SB : Deux mois après l’incendie de la cathédrale Notre- Dame de Paris, le parquet de Paris a clôt l’enquête préliminaire qu’il avait confiée à la brigade criminelle.

AM : Les images des flammes qui rongeaient le toit de Notre-Dame avaient fait le tour du monde et avaient suscité l’émotion, partout. Selon le rapport dévoilé aujourd’hui : ce serait bien, un accident qui a entraîné cet incendie. Plusieurs pistes sont évoquées comme celle d’un mauvais fonctionnement du système électrique ou d’une cigarette mal éteinte. La suite de l’enquête est maintenant entre les mains de trois magistrats instructeurs. Franck Alexandre.

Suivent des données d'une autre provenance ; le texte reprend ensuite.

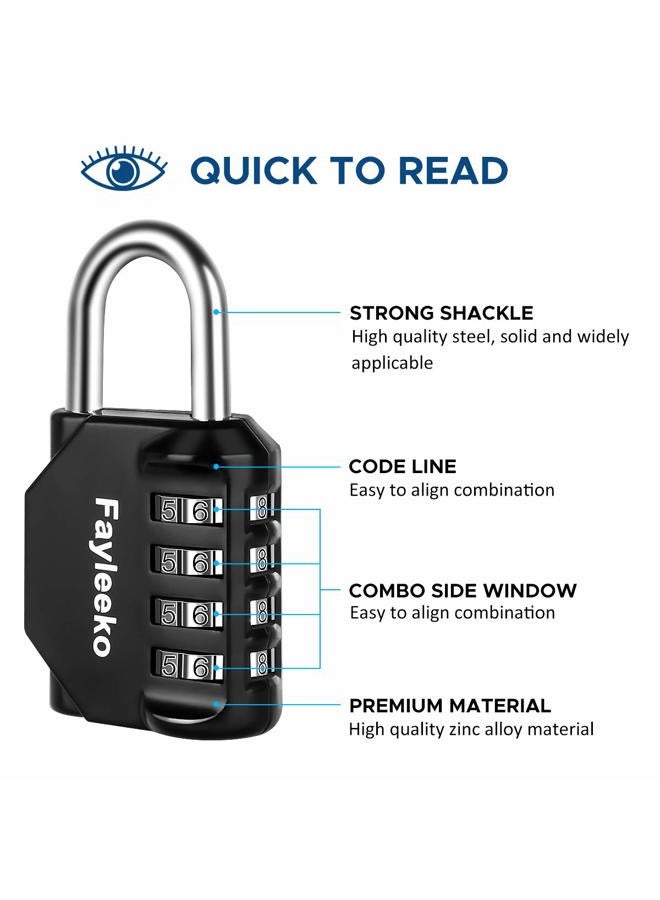Fayleeko Combination Lock, 4 Digit Padlock for School Gym Sports Locker, Fence, Toolbox, Case, Hasp Cabinet Storage (2 Pack, Black) - Image 3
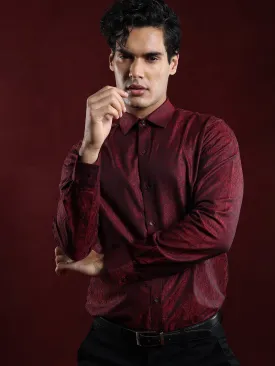 100% Cotton Maroon Jacquard Slim Fit Full Sleeve Ceremonial Shirt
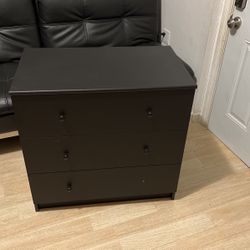 Black IKEA Dresser With 3 Drawers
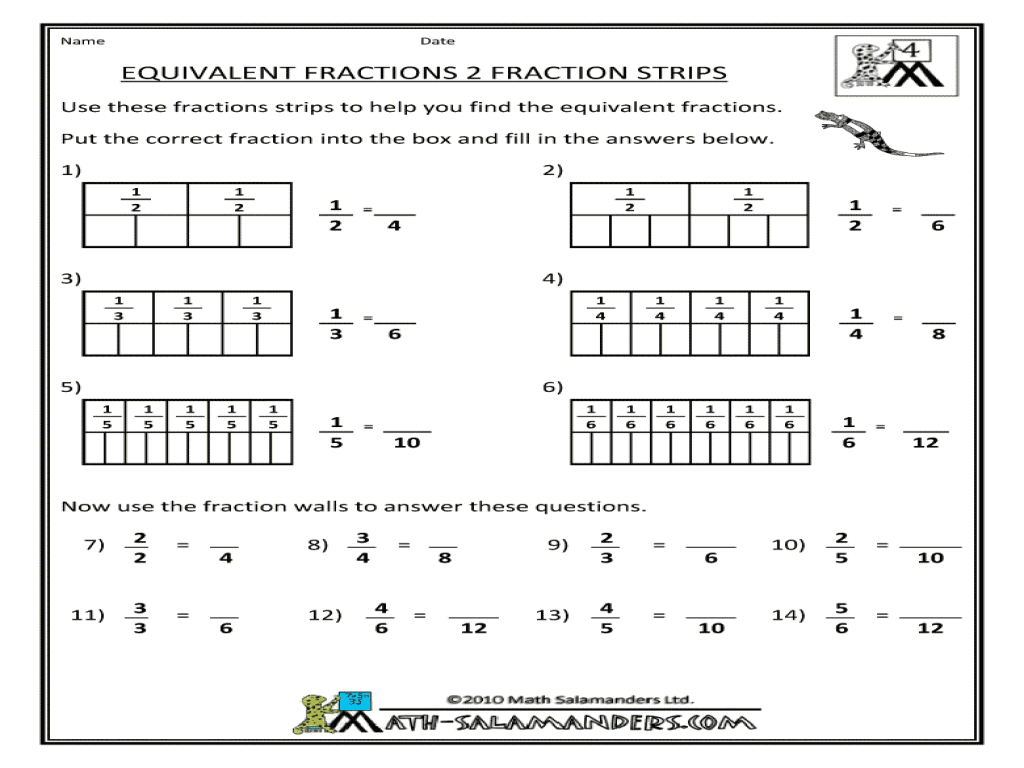 Equivalent Fractions Worksheet 5th Grade Pdf Worksheets Free Download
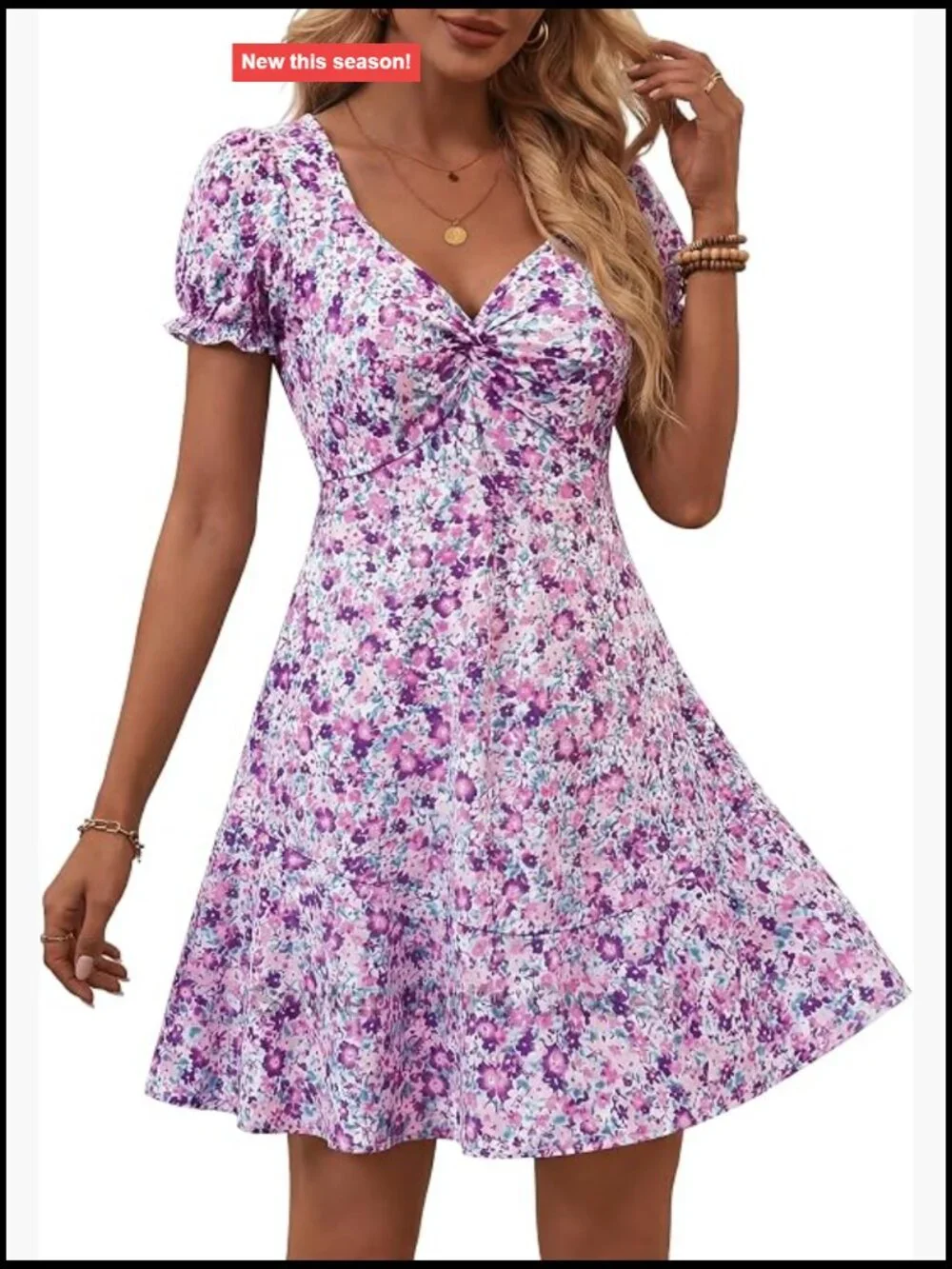 Twist Front Puff Sleeve Mini Sun Dress with Pockets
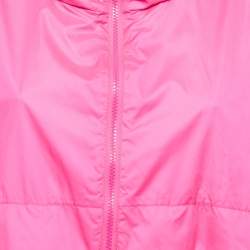 Pre Owned Kenzo Pink Logo Print Synthetic Zipper Jacket L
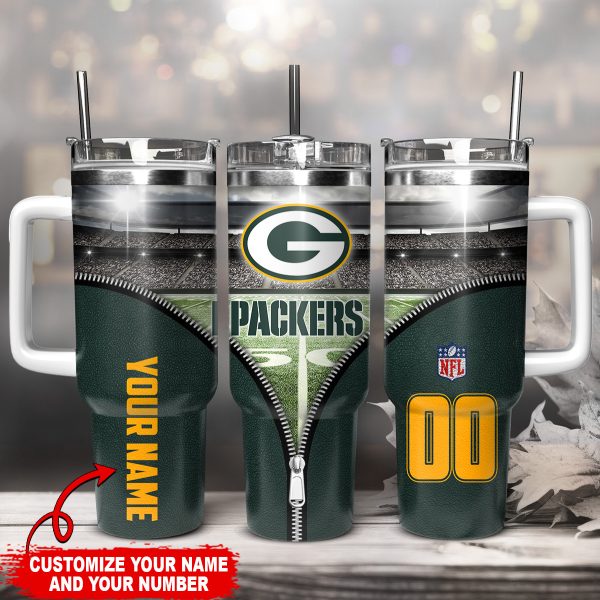 Green Bay Packers NFL Custom Stanley Quencher 30oz-40oz Stainless Steel Tumbler Hot And Cold Tumbler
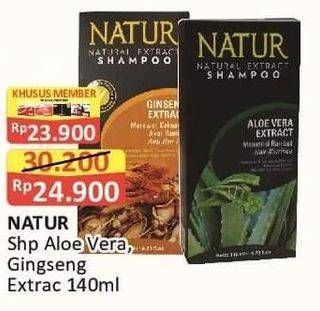 Promo Harga NATUR Shampoo Aloe Vera Extract Hair Nutritive, Ginseng Extract Anti Hair Fall 140 ml - Alfamart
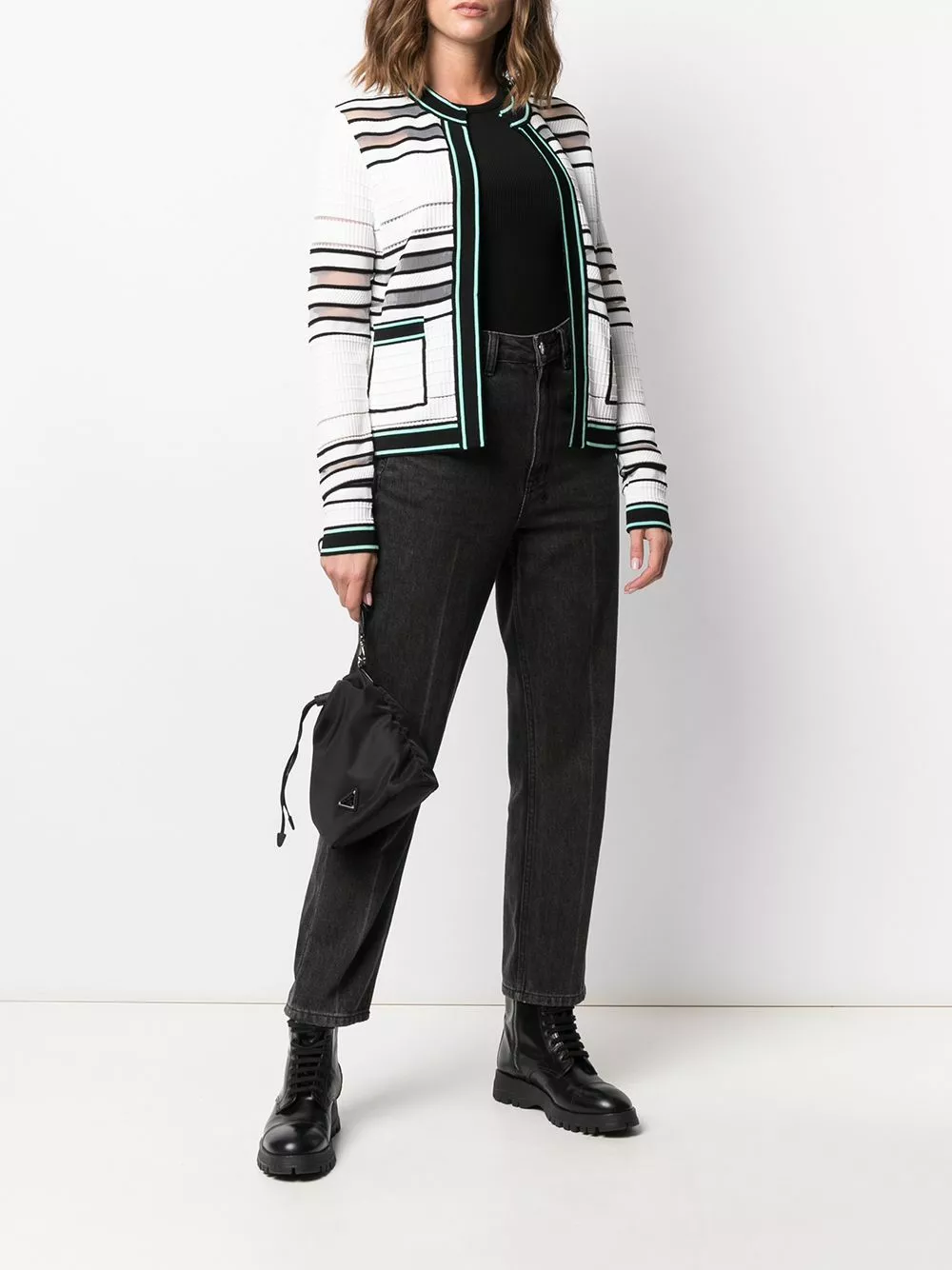 Karl Lagerfeld striped bouclé cardigan
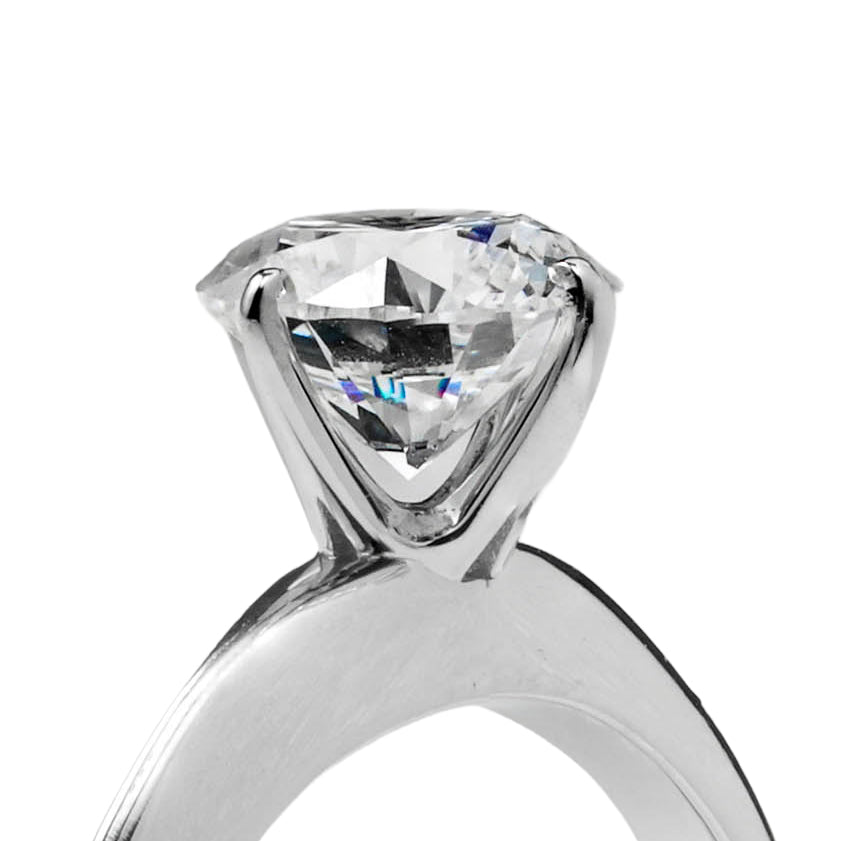 TIFFANY-STYLE WHITEGOLD RING 1CT ROUND CUT LAB DIAMOND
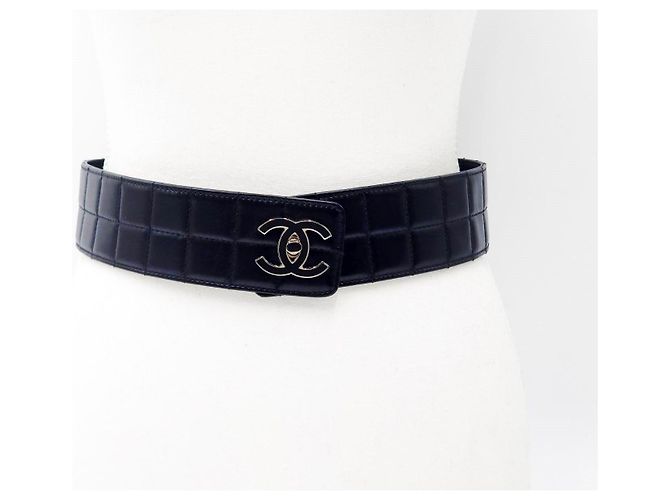 Chanel Vintage große Schokoladenriegel-Ledergürtel mit Drehverschluss und silberner Hardware Schwarz - Ansicht 4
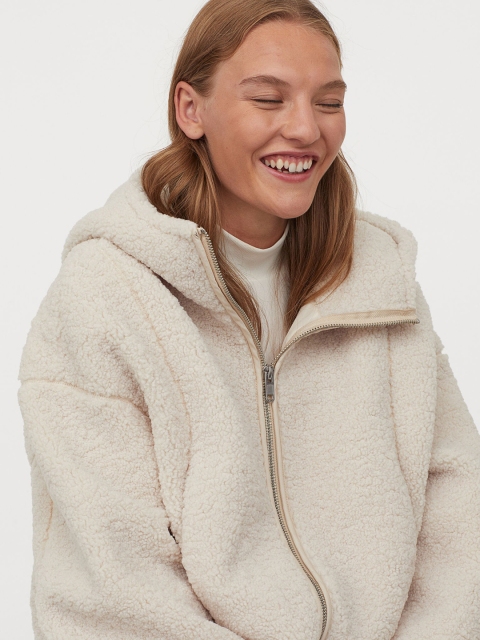 

H&M Women Beige Solid Hooded faux Shearling Jacket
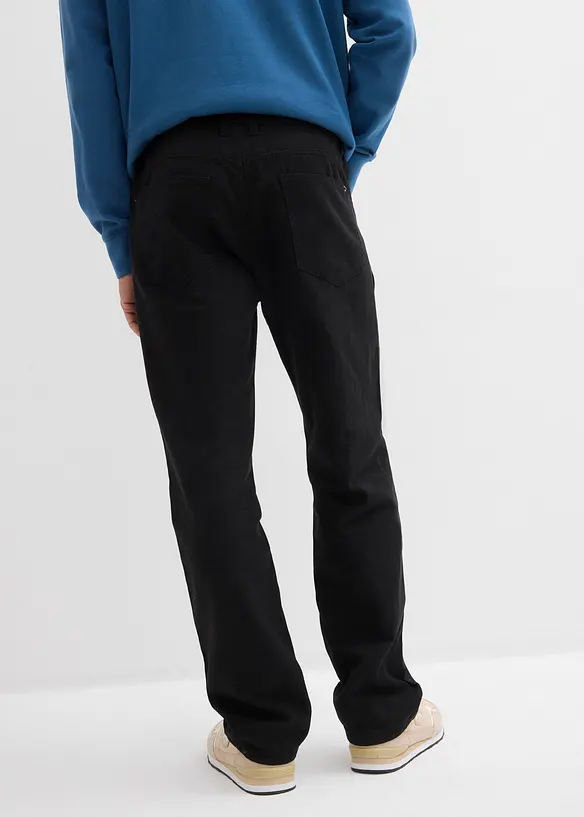 Fodrad byxa med skön midja, Relaxed Fit, Straight, bonprix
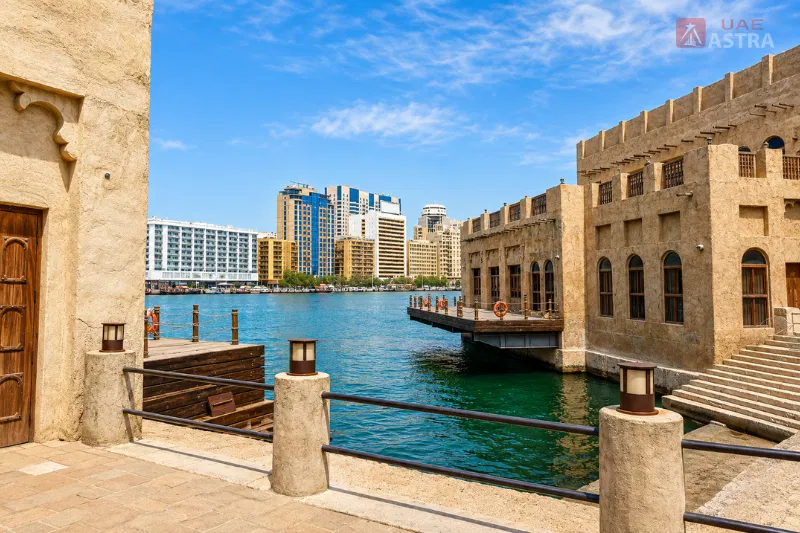 Dubai Old Village waterfront overlooking Dubai Creek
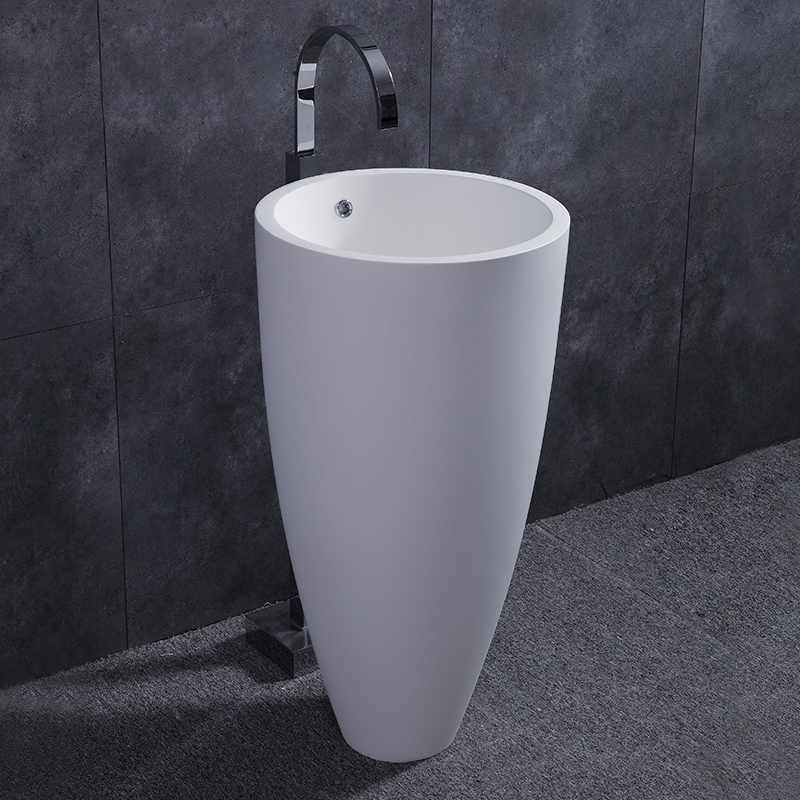 Modern Freestanding Round Glossy White Stone Resin Conical Pedestal Sink With Overflow & Drain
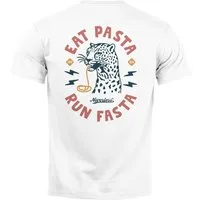Neverless Print-Shirt Herren T-Shirt Backprint Aufdruck Schrift Eat Pasta Brustlogo Retro mit Print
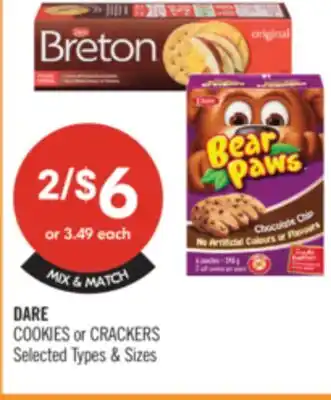 Shoppers Drug Mart DARE COOKIES or CRACKERS offer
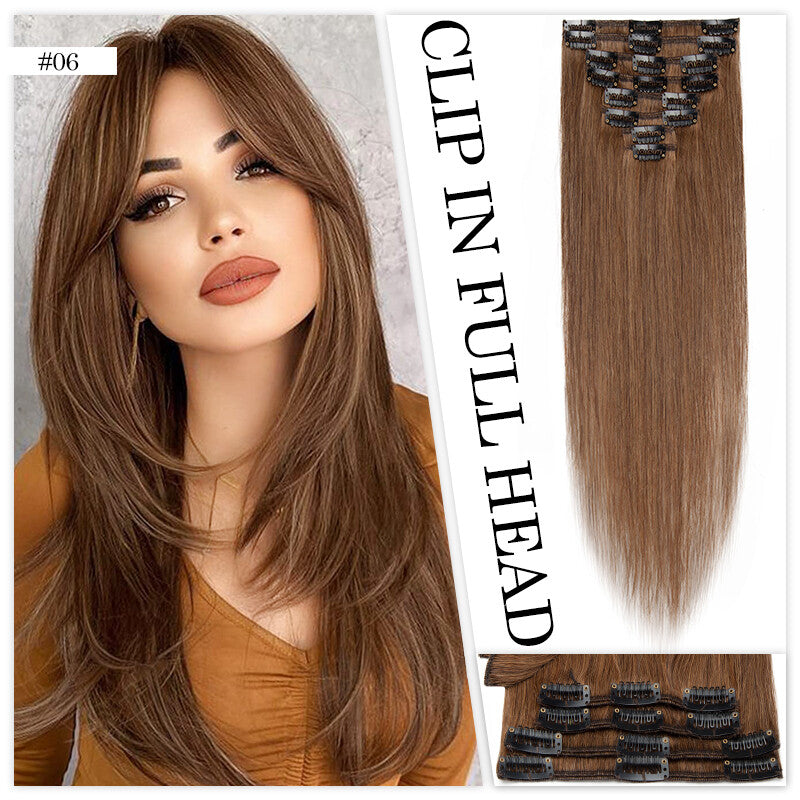 Invisible Clip In Hair Extensions Full Head Balayage Human Hair 8PC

Depuis le sinistre d’immenses tentes occupent le parvis de Natre Dame. Poutres noircies, fils électriques et même bouts de mégots extraits de la cathédrale ravagée par les flammes y sont minutieusement répertoriés. Parallèlement les enquêteurs de la Brigade Criminelle ont mené une centaine audition de témoins, notamment des ouvriers, des vigiles et des responsables des entreprises intervenant sur le chantier de rénovation qui était en cours sur l’édifice. Plus de 1000 feuillets de procédures, 96 scellés sont déjà venus étoffer le dossier et jusqu’ici dit le parquet, aucun élément ne permet d’accréditer l’hypothèse d’une origine criminelle de l’incendie. Néanmoins le procureur de Paris Rémi Heitz indique que des défaillances ont été mises en évidence. Ainsi, certains ouvriers œuvrant sur l’échafaudage surplombant le toit ont reconnu avoir fumé malgré l’interdiction. Par ailleurs, alors qu’ils étaient formellement proscrits, l’existence de dispositifs électriques a été mise en évidence sous les combles. L’information judiciaire prend désormais le relais de l’enquête préliminaire. Trois juges d’instruction ont désormais la lourde tâche de découvrir l’origine exacte de l’incendie, les investigations techniques, forcément complexes, pourraient durer des mois.

AM : RFI il est 22 heures 10 à Paris, deux heures de moins en temps universel.